Pour relever l’immense défi de long terme qui consiste à nous libérer des énergies fossiles, nous devrons bâtir un consensus politique qui transcende les étiquettes partisanes. C’est l’un des principaux apprentissages du rapport de la commission d’enquête rendu par vos deux collègues, Raphaël Schellenberger et Antoine Armand :…

M. Raphaël Schellenberger
Merci ! J’espère que vous avez tout écouté.

Mme Agnès Pannier-Runacher, ministre
…notre politique énergétique ne peut pas se permettre de subir à nouveau des atermoiements et des décisions erratiques qui ne se fondent ni sur la science ni sur la raison, mais sur des accords électoralistes de circonstance.

M. Stéphane Travert
Bravo !

Mme Agnès Pannier-Runacher, ministre
Je suis convaincue que nous posons, depuis quelques mois, les fondations d’un pacte du renouveau énergétique, un pacte pour faire face à l’urgence climatique et à l’urgence énergétique, un pacte qui repose sur des discussions nourries et approfondies entre le Gouvernement et le Parlement, mais également avec les élus locaux, les associations environnementales, les entreprises et, plus largement, l’ensemble des Français. Je salue d’ailleurs les milliers de nos concitoyens qui ont contribué à la grande concertation sur le futur mix énergétique de notre pays. Je me réjouis qu’ils s’emparent de ces sujets complexes, certes, mais déterminants pour notre avenir. L’énergie est aujourd’hui au cœur du débat public et de nombreux travaux parlementaires ; il est donc essentiel que nous y travaillions ensemble. Comme j’ai souvent eu l’occasion de le dire, il n’y aura pas d’indépendance politique sans maîtrise énergétique.

Après l’adoption des textes sur la sécurisation de nos approvisionnements énergétiques et sur l’accélération de la production d’énergies renouvelables, je souhaite, avec le projet de loi d’accélération des procédures administratives nucléaires, poursuivre la relance de notre filière nucléaire. Je me réjouis de l’accord trouvé en commission mixte paritaire, au terme d’un dialogue dense. Je tiens à remercier le président Guillaume Kasbarian, la rapporteure Maud Bregeon, les députés Louise Morel et Antoine Armand ainsi que les autres membres de la commission pour leur investissement, qui a permis ce succès. Je sais que les rapporteurs ont nourri un dialogue intense lors des travaux préparatoires à la commission mixte paritaire.
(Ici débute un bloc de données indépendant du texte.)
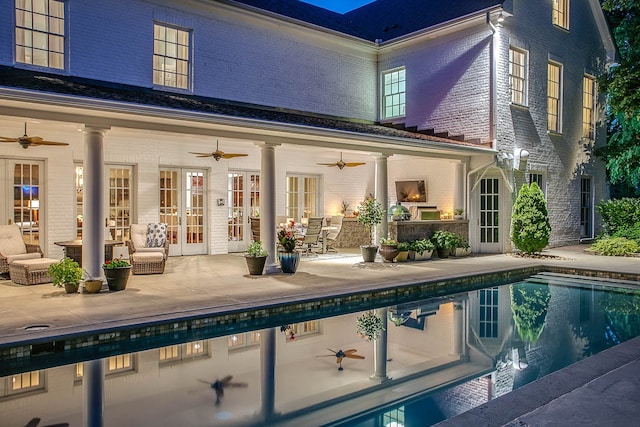 view of swimming pool featuring french doors, ceiling fan, outdoor lounge area, and a patio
Le texte envoie un signal fort de mobilisation à notre filière en vue du lancement du programme de construction de six EPR 2 – réacteurs pressurisés européens – et de la mise à l’étude de huit autres supplémentaires. Nous ne nous interdirons pas d’aller plus loin, en fonction de la réalité de nos capacités industrielles.

Vous le savez, l’enjeu des compétences est au cœur de la transition énergétique. C’est particulièrement vrai pour la filière nucléaire. C’est la raison pour laquelle je lui ai demandé de dresser un état des lieux précis des besoins en compétences pour réussir la relance. Les résultats de l’étude réalisée sont limpides : 100 000. Tel est le nombre d’emplois que la filière estime nécessaire de créer au cours de la prochaine décennie. Des soudeurs, des chaudronniers, des tuyauteurs ou encore des ingénieurs ; autant d’occasions, pour les jeunes ou les travailleurs en reconversion, de prendre part au plus grand projet industriel de notre pays depuis les années 1970, au cœur des territoires. Ils seront les visages de la génération France Nation verte. Dans le prolongement de ce travail, je ferai également le point avec l’université des métiers du nucléaire, début juin, sur la stratégie de formation à mettre en œuvre pour répondre à ces besoins de compétences.

Ce projet de loi sur le nucléaire matérialise plus profondément le soutien du Gouvernement et du Parlement à une politique énergétique ambitieuse et crédible. À ce titre, je me félicite de notre refus, tout au long de l’examen du texte, d’opposer nucléaire et énergies renouvelables. Je le répète : notre urgence est de sortir des énergies fossiles ; pour y parvenir, nous aurons besoin autant du nucléaire que des énergies renouvelables.

M. Ian Boucard
La majorité a bien changé !

Mme Agnès Pannier-Runacher, ministre
Je vous le dis avec conviction : oui, accélérer le déploiement des énergies renouvelables, c’est être écologiste. Oui, relancer notre filière nucléaire, c’est être écologiste. Comment se dire écologiste en préférant les énergies fossiles aux énergies décarbonées ? (Mme Anne-Laurence Petel applaudit.)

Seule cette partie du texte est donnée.